◆ **EXERCISE AIM**
Restate all of the material, keeping every line identical to the original.

◆ **GIVEN DATA**
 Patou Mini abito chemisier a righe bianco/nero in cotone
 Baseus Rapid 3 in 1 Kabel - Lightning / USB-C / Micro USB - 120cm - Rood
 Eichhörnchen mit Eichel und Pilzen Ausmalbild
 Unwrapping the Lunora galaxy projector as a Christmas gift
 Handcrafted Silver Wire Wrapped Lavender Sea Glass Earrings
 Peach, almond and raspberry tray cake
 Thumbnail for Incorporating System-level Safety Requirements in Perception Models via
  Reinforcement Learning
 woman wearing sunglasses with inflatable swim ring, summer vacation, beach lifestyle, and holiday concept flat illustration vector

◆ **RESPONSE TO THIS EXERCISE**
 Patou Mini abito chemisier a righe bianco/nero in cotone
 Baseus Rapid 3 in 1 Kabel - Lightning / USB-C / Micro USB - 120cm - Rood
 Eichhörnchen mit Eichel und Pilzen Ausmalbild
 Unwrapping the Lunora galaxy projector as a Christmas gift
 Handcrafted Silver Wire Wrapped Lavender Sea Glass Earrings
 Peach, almond and raspberry tray cake
 Thumbnail for Incorporating System-level Safety Requirements in Perception Models via
  Reinforcement Learning
 woman wearing sunglasses with inflatable swim ring, summer vacation, beach lifestyle, and holiday concept flat illustration vector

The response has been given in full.